Empezaron a sumergirse en besos y caricias de amor mientras se despojaban de todo lo que pudiera ocultarles la piel.
- ¿Deseas eso sinceramente, princesa?
- Sí, sí. Muy pequeñitos como nuestros dedos.
Las prendas volaban a acomodarse por cualquier lugar de la habitación siendo espectadores privilegiados de este juego hermoso de la vida, que es así de hermoso mientras haya amor.
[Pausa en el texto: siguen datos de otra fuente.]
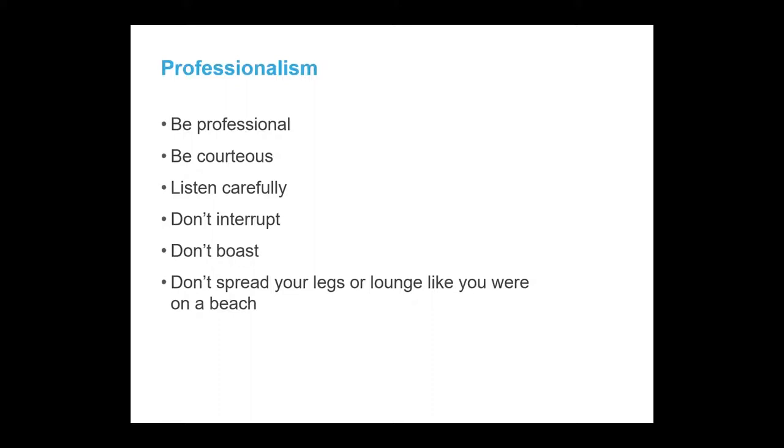When you are at the interview you want to be professional, courteous. You want to listen carefully to the questions that they are asking you and don't interrupt people. Don't boast and make sure you are using proper posture sitting up in your chair and not slouching lazily.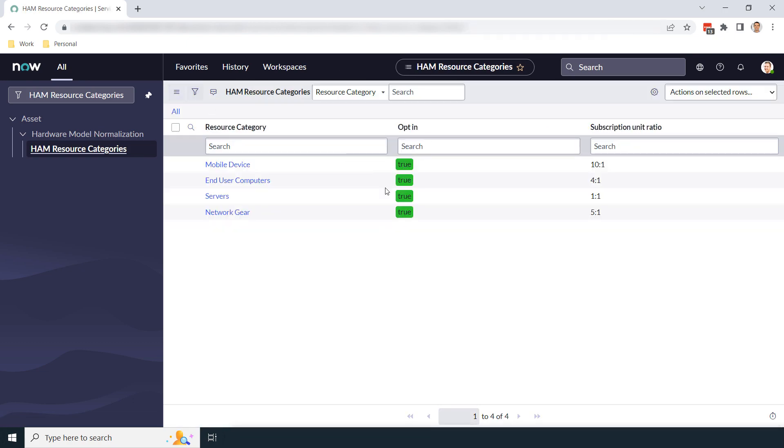Now, after going through all of the HAM Resource Categories, you're now fully opted into Hardware Model Normalization for all eligible hardware models. Now when the Hardware Model Normalization job runs, all hardware models that include any of these model categories will be normalized against the Hardware Asset Management Content Service.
Iban a unirse, cuando escucharon un ruido en la puerta principal; pero ellos ya no se alarmaron ni dejaron de ser felices un solo segundo y simplemente se pusieron de pie sobre la blanca almohada y treparon a la cabecera. Eran tan pequeñitos como sus dedos índices.
El centro de la cabecera tenía un compartimiento en el que Francis colocaba los libros que a él más le gustaban. Y entre esos libros empezaron a correr, jugando a encontrarse. Ambos sabían la situación en la que estaban pero, lo que fuera, era mejor no mancharlo con palabras ni reflexiones ordinarias. Se encontraban y envueltos en un abrazo, caricias y besos daban vueltas por el piso de ese librero que ahora era su maravilloso mundo; aunque la madera estaba dura. Si alguien se asomaba a la habitación no verían a nadie porque el compartimiento tenía un fondo suficientemente amplio como para ocultarse cómodamente detrás de los libros. Pero no sólo para eso. Almi vio que Francis comenzaba a jalar un libro que obviamente no era para leer, así que lo ayudó y detrás de los demás libros extendieron a Dante de par en par y acostados sobre sus páginas empezaron a nadar entre cada uno de sus cien cantos alimentándose de más fuego, derritiendo hielo, creando celos en aquellos que nunca supieron amar; teniéndose y deseándose aún más, siendo una sola fragancia perfecta; elevándose en una caricia de unión feliz hasta llegar a esa luz de suspiro etéreo que ellos sentían cada vez que hacían el amor, pero que ahora era más divino. En un mundo de Literatura, luz azul y armonías sublimes, Francis y Almi se quedaron dormidos en el punto final de la Divina comedia; ella con el rostro en el pecho amado y él envolviéndola suavemente con su corazón y su brazo izquierdo.
Dos horas después, nadie había vuelto a casa. Y los enamorados despertaron.